# How to complete this task:
Exactly reproduce the lines from the line that has "this 640×480 image." down to the last line of the entries, inclusive.

##############################

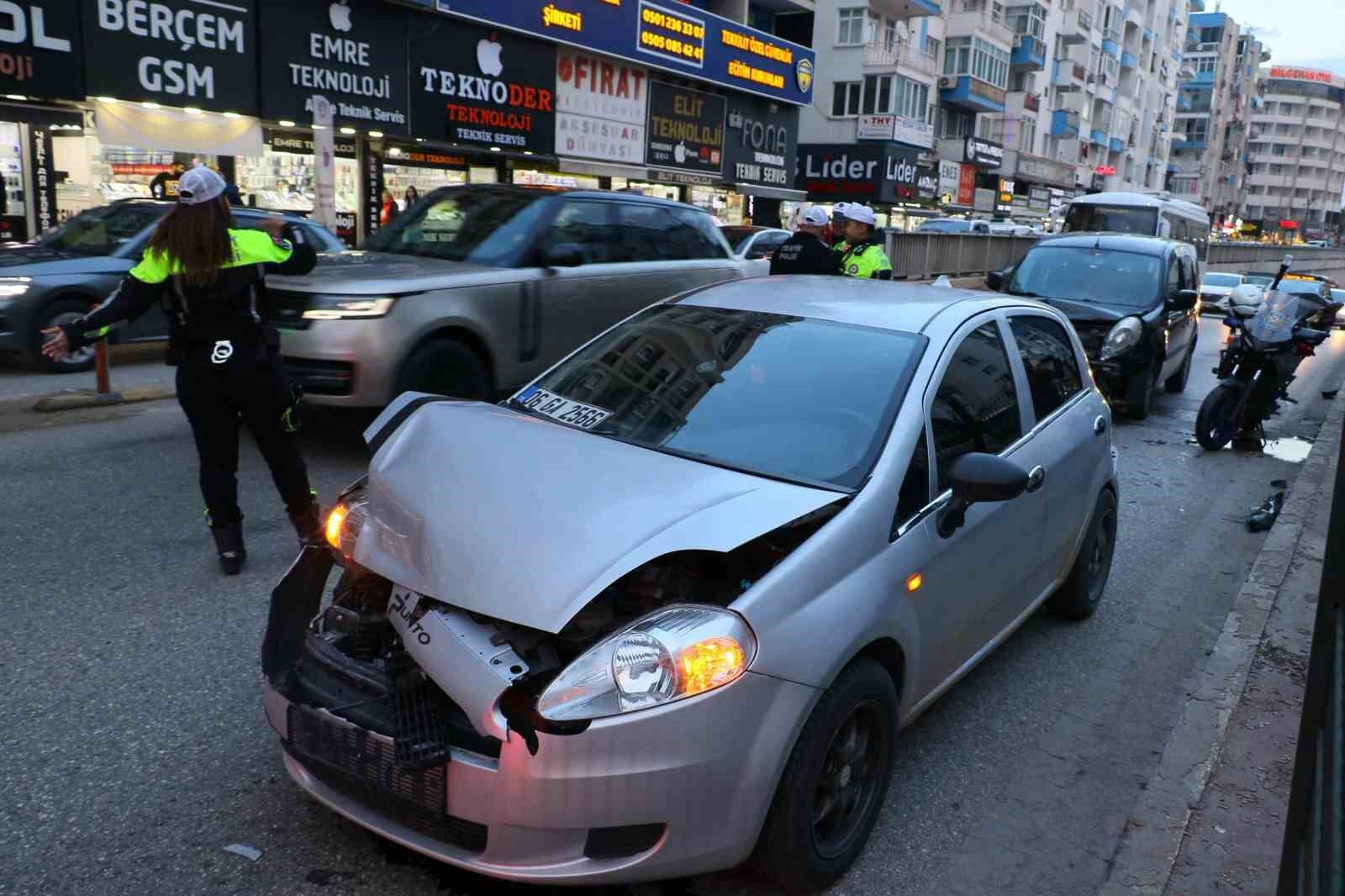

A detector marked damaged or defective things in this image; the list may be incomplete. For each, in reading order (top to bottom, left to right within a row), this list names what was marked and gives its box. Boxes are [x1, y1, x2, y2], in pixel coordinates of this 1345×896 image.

crumpled hood [351, 395, 847, 632]
broken headlight [535, 602, 757, 719]
damaged silver car [257, 276, 1116, 888]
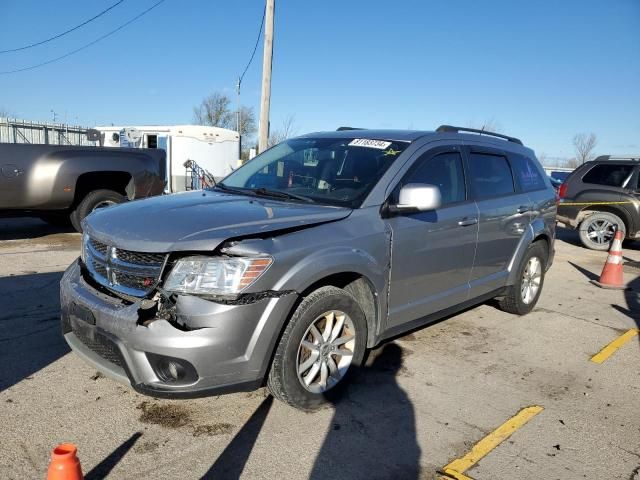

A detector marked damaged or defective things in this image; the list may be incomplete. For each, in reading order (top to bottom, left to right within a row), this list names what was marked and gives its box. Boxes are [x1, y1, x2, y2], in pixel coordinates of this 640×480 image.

crumpled hood [84, 189, 352, 253]
cracked headlight [162, 255, 272, 296]
damaged front bumper [60, 258, 300, 398]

##############################

# Your response:
A detector marked damaged or defective things in this image; the list may be incomplete. For each, in reading order (top to bottom, left to right within a row), this list names what was marked and gives its box. Boxes are [x1, y1, x2, y2], in pixel coordinates of this 640×480 image.

crumpled hood [84, 189, 352, 253]
cracked headlight [162, 255, 272, 296]
damaged front bumper [60, 258, 300, 398]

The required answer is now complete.